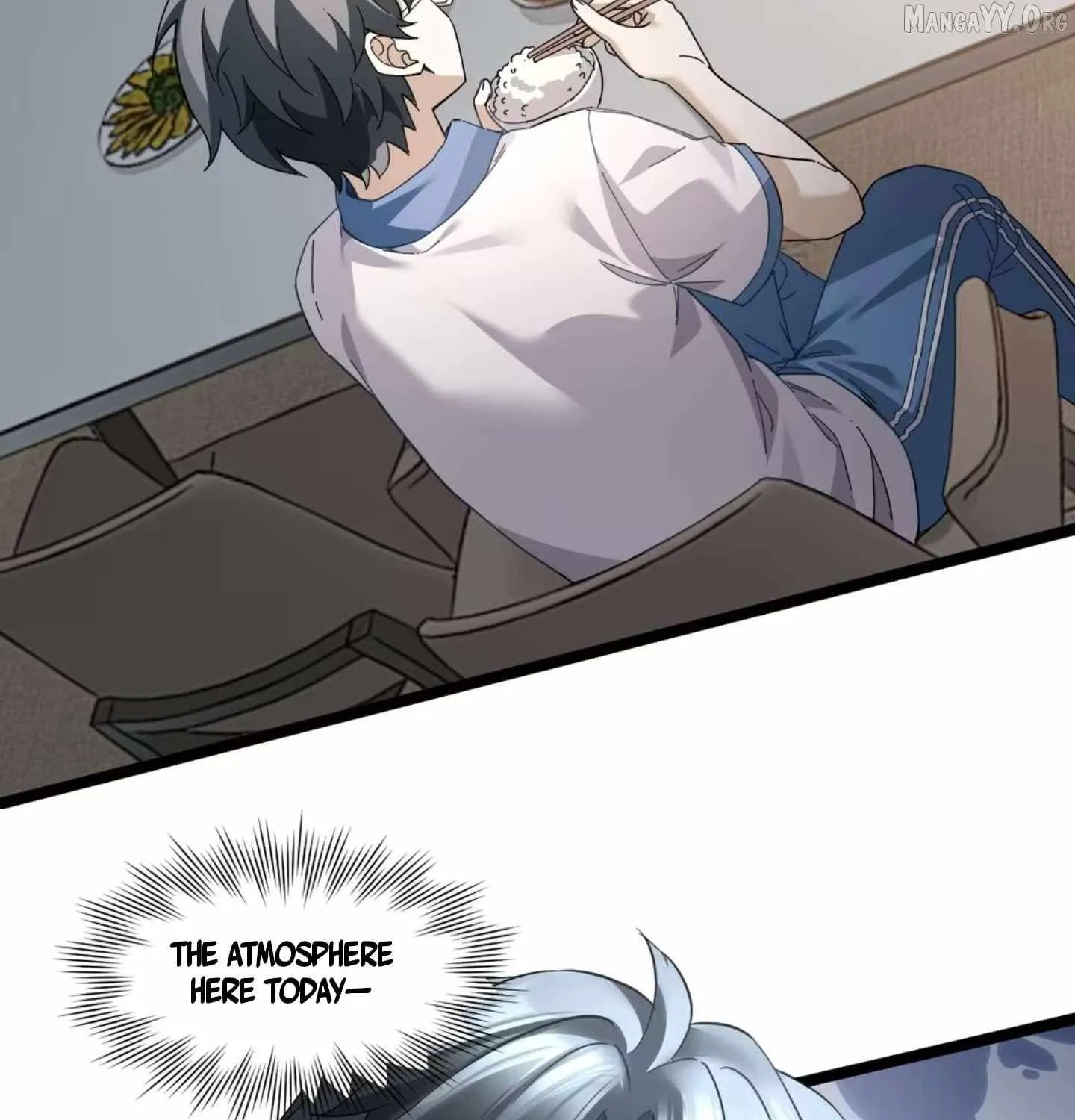 My Academic System Is Making Me Date?! - Chapter 5 - Page 3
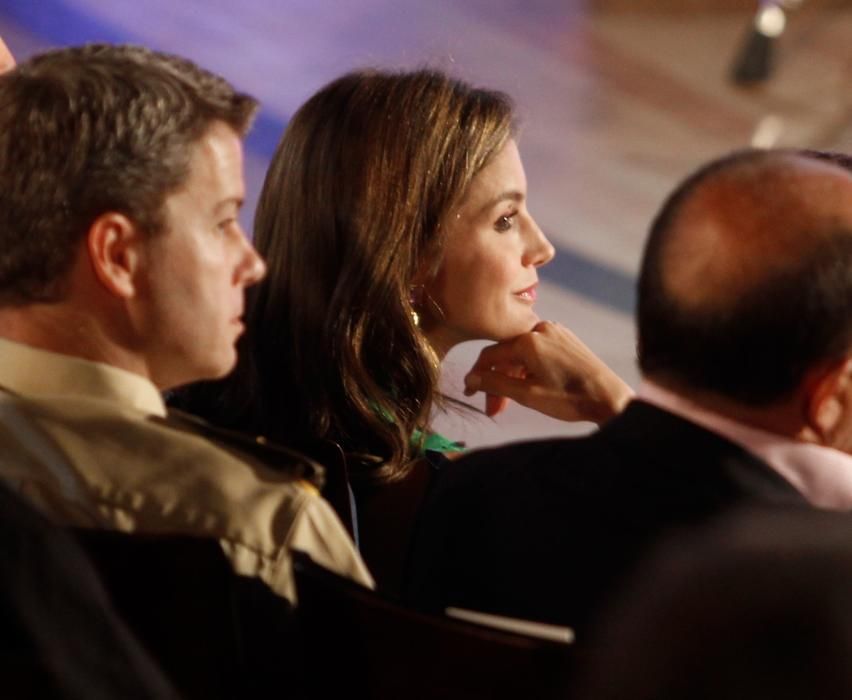 La Reina Letizia en Asturias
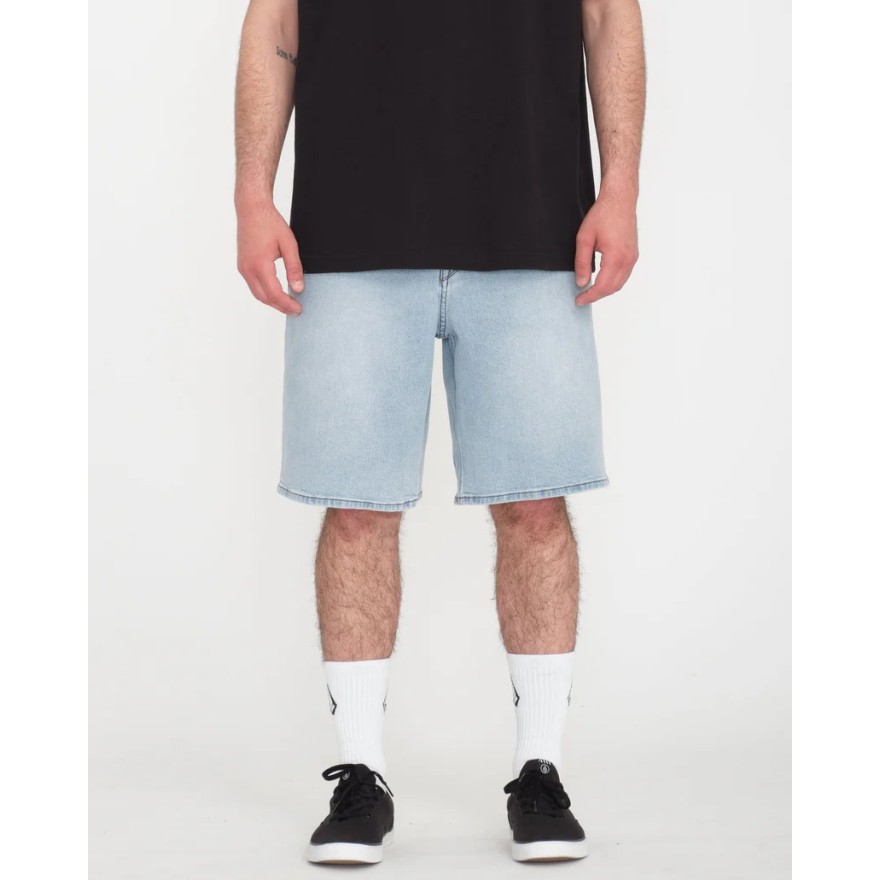 Men's Volcom Billow Denim Short 22NEW22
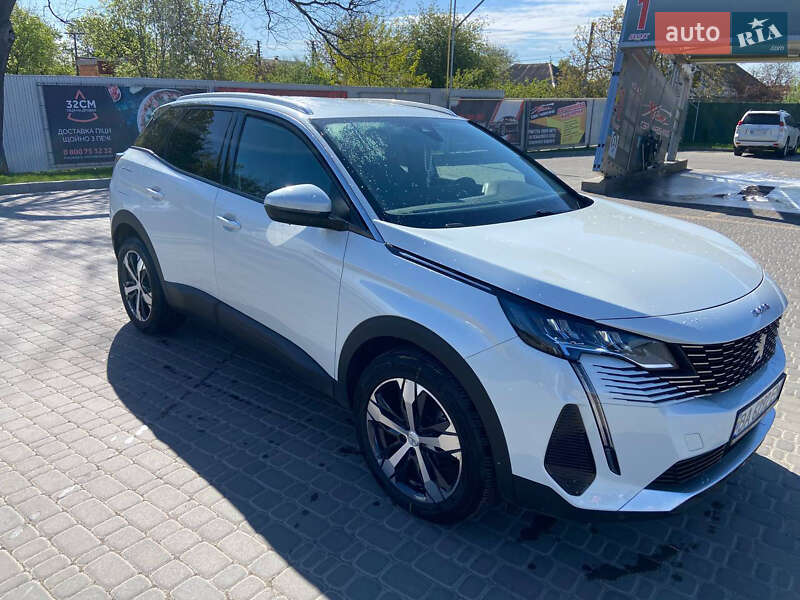 Внедорожник / Кроссовер Peugeot 3008 2021 в Кропивницком фото 6 Внедорожник / Кроссовер Peugeot 3008 2021 в Кропивницком
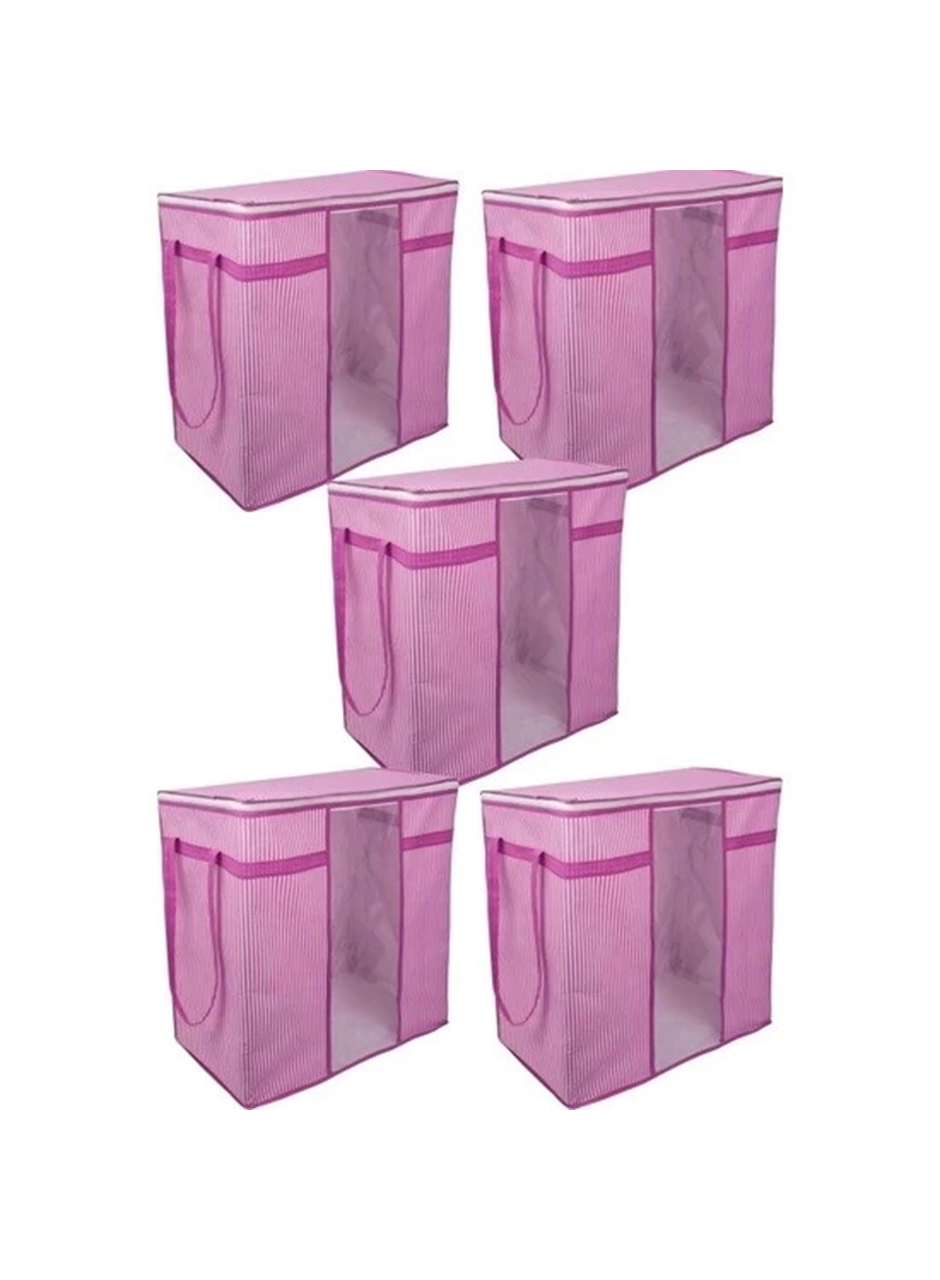 12 Adet Pencereli Hurç Mega Boy Çok Amaçlı Düzenleyici 40x40x75 Cm 0256 (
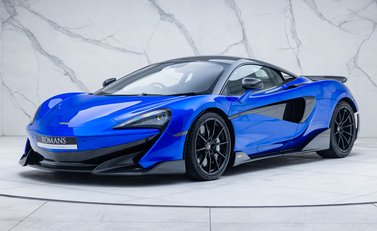 McLaren 600LT 1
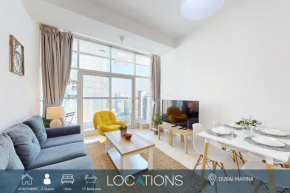 Continental Tower - One Bedroom with Marina View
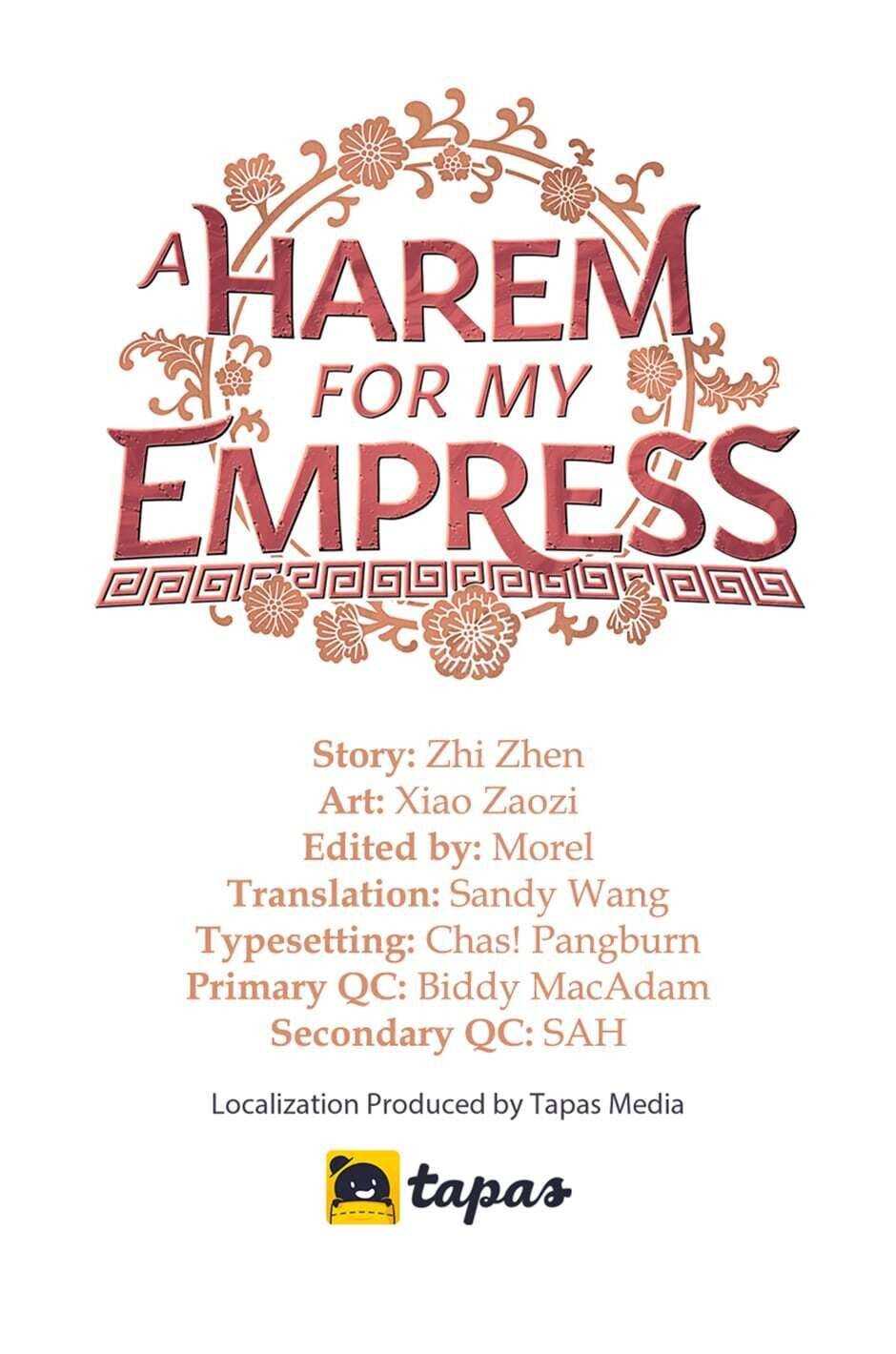 A Harem for My Empress - chapter 18 - #1
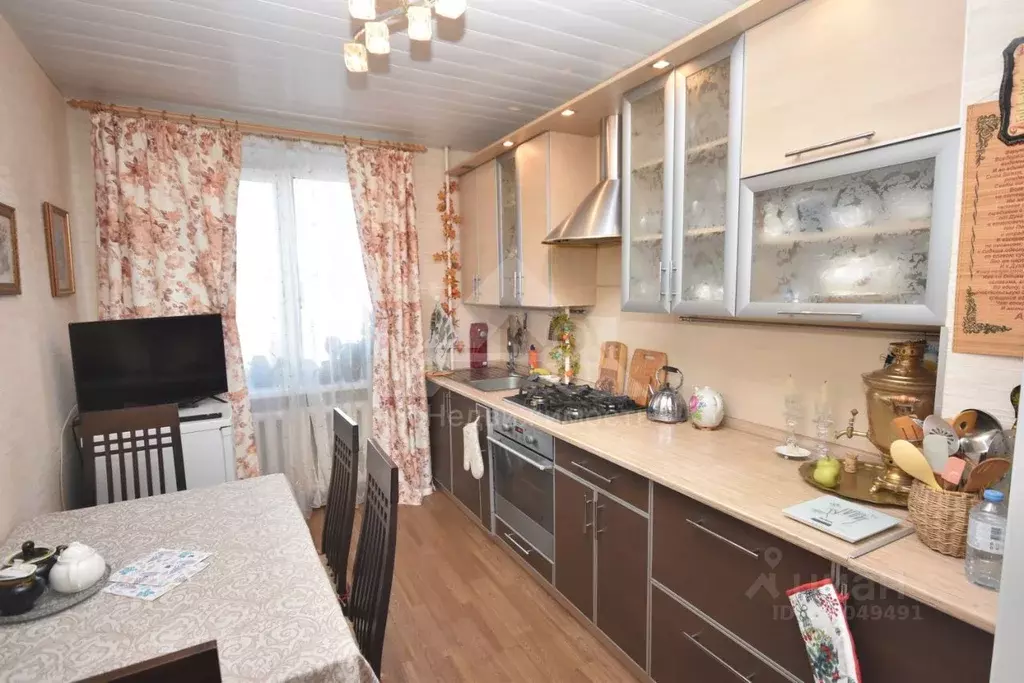 2-к кв. Владимирская область, Кольчугино Инициативная ул., 19 (54.6 м) - Фото 1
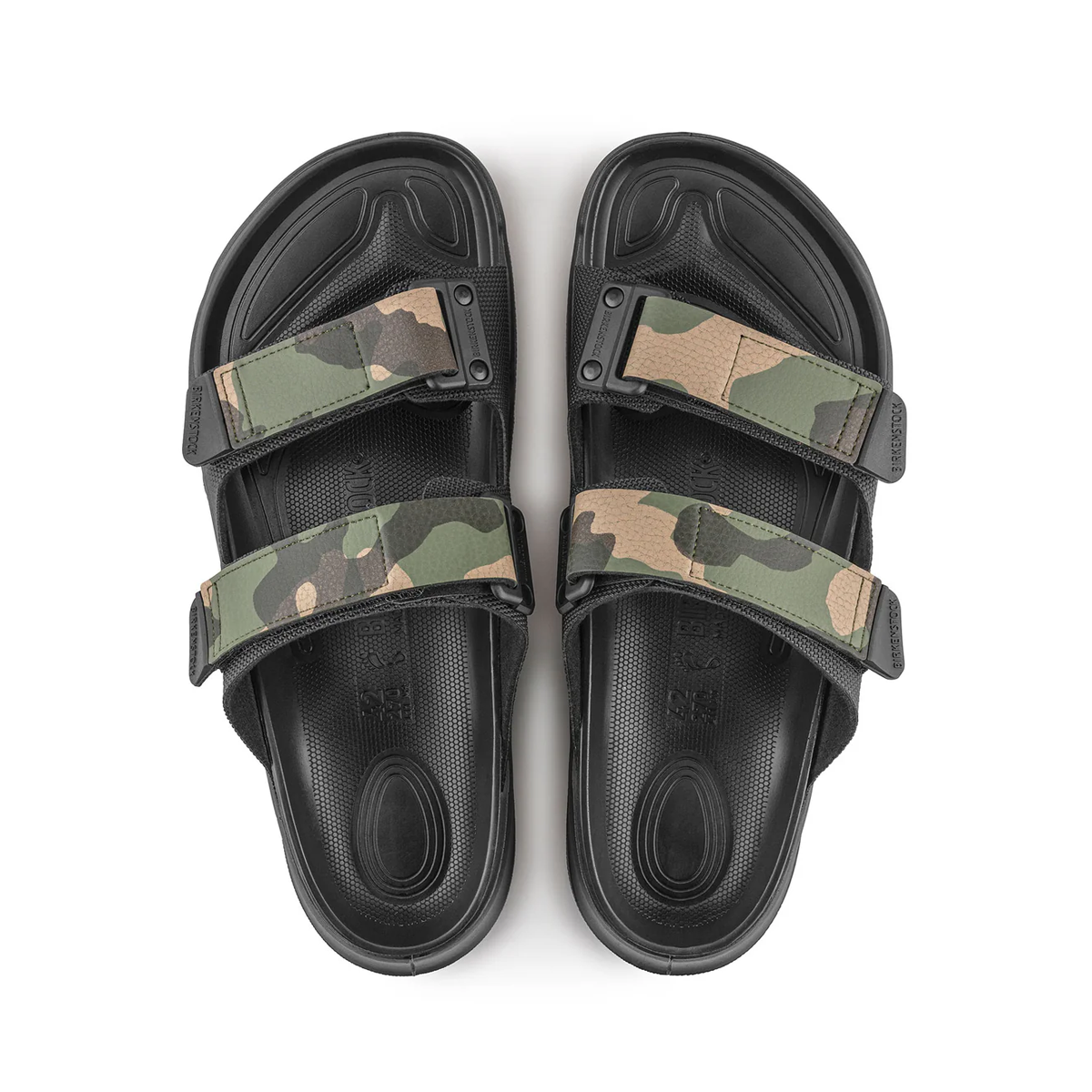 Futura Black / Camo-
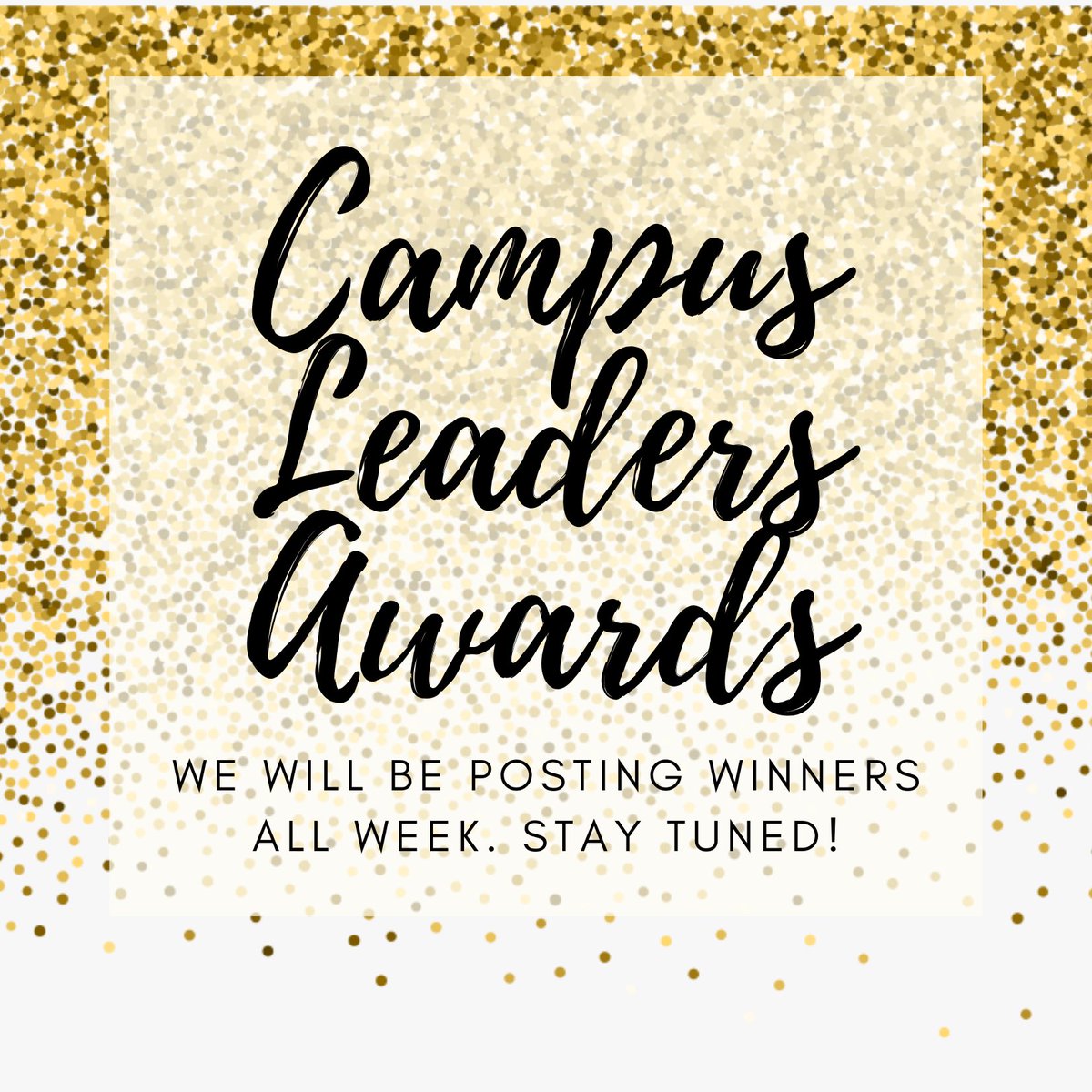 UH_CSI's tweet photo. Happy Monday Coogs!! 🐾
We are excited that this week our social media will be taken over by our Campus Leaders Awards. Stay tuned for the winners to be posted through out the week! 🏆 #involveduh #getinvolved https://t.co/Puq3D5ex40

=-=-=-=-=

◆ **Task description**
Of the lines above, copy only those from the one holding "Внедорожник / Кроссовер Peugeot 3008 2021 в Кропивницком фото" to the one holding "UH_CSI's tweet photo. Happy Monday Coogs!! 🐾", both included, and exclude every image.

◆ **Problem solution**
 Внедорожник / Кроссовер Peugeot 3008 2021 в Кропивницком фото 6 Внедорожник / Кроссовер Peugeot 3008 2021 в Кропивницком
 12 Adet Pencereli Hurç Mega Boy Çok Amaçlı Düzenleyici 40x40x75 Cm 0256 (
 McLaren 600LT 1
 Continental Tower - One Bedroom with Marina View
 A Harem for My Empress - chapter 18 - #1
 2-к кв. Владимирская область, Кольчугино Инициативная ул., 19 (54.6 м) - Фото 1
 Futura Black / Camo-
 UH_CSI's tweet photo. Happy Monday Coogs!! 🐾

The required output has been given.